The Grampians – Gariwerd – proves antidote to Melbourne which itself is antidote to Canberra. Initially I loved the in-your-face life and buzz and noise and food and even the humidity with a freakish shower. But then it all got too much, tipping over the edge at a Big Bash cricket mess at the MCG, where feral kids run hyper on additives and everyone seems to be engaged in some kind of White Lightning inspired disco.
Plus the weather turned cool and grey, the coffee was, meh, just coffee Melbourne get over it, and I felt ready again for the volume to be dialled down. Which it is right now, other than for the singing of birds and a grown man swearing at butterflies in the distance.
Gariwerd is absolutely my cup of tea, and I like cups of tea. There are multiple lookouts for a start, walks in nature, plunging cascades and – yes get excited people – rock formations. Often these are all combined in the same place, in just the most perfect arrangement. Laid out as they always have been, and always will be.
Here, nature charts its course and writes its own story. And like the Mackenzie River deep in the heart of the bush, it’s a story of twists and turns, serenity and drama. Then, at some point, it all comes crashing down. The MackenzieFalls.
As stories go I feel like Dad could have an exhibition of the most beautiful waterfalls of Australia from this trip. And in a poky alcove on the side I would be allocated a small section for grainy photos called behind the scenes of the beautiful waterfalls of Australia exhibition. These would largely feature a man with white hair and a red hoodie hunched beside a borrowed tripod in front of a water feature. Included will be one or two of my own attempts, just for comparative purposes. Craft and patience versus laziness and luck.

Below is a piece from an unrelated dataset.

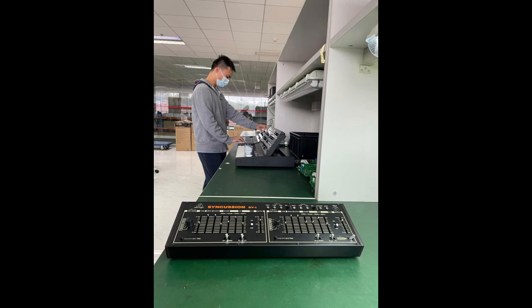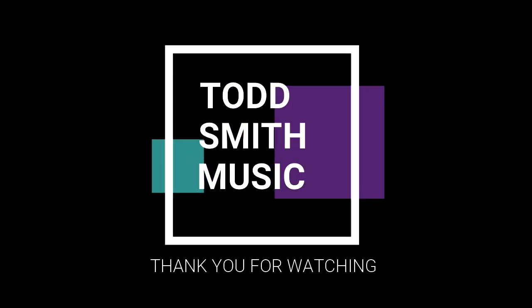So what do you guys think about the current look? I would love to know your opinion, and as always, stay positive, stay creative, support each other, and peace.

Since I had taken a few happy snaps and went off exploring downriver, I missed the slightly awkward moment where a young chap got down on one knee to propose to his partner, Dad off to the side. He was probably waiting for a guy with a camera and tripod to leave, but could delay no more. Fair play, it’s a good spot to ask a girl to marry you but if they had been on the ball they could have booked a wedding photographer at the same time.
As the lovers moved on to chart their own story, our honeymoon took on spectacle with grandstand views. From Reid’s Lookout and TheBalconies, it is impossible not to marvel at the scale and essence of Gariwerd. A sea of wilderness lapping at encircling zigzag ranges, the sun sinking lower to spark the landscape aglow. You don’t really expect this approaching a few hills from the plains around Ararat.
It is vast, and breathtakingly epic. Yet there are so many intimate spaces and contemplative spots. The Grand Canyon proves grand, but in a different way. Nature’s brickwork is masterfully constructed with a water feature and exotic plantings. The narrowing walls cocoon and seem to concentrate calm and peace and a certain spirituality. It doesn’t take much to feel connected to the eons of time and the billions of stories past. To feel the land is part of you and you part of it. To follow footsteps special and sacred.
Modern day footsteps appear to largely belong to lithe German backpackers packing it all in. Or families of ten alighting from a Kia Carnival, emerging ever more incredulously like props from Mary Poppin’s bag. The steps they take, we take, are many and often upward. ThePinnacle is a pinnacle of sorts for all sorts. A craggy protrusion overlooking Halls Gap, the final few hundred metres taking longer than expected, navigating boulders and crevices and fellow walkers. Many, including Dad and I, stop for lunch. Others inch out to perilous outcrops for unforgettable photos. All leaving crumbs for future pasts.
Crumbs which scatter and seep into the earth, ground in by the footsteps that follow. Washing out in heavy rains, joining many other leftover tales on their way to a creek. Meandering around shrubs and wallabies, cutting a swathe in the rock, gathering and spilling over a cliff face. A sliver of water splitting an ancient amphitheatre, a silver band reuniting with life in the forest. There, a red hoodie huddles over a camera and composes. The final serene score of a most exquisite symphony.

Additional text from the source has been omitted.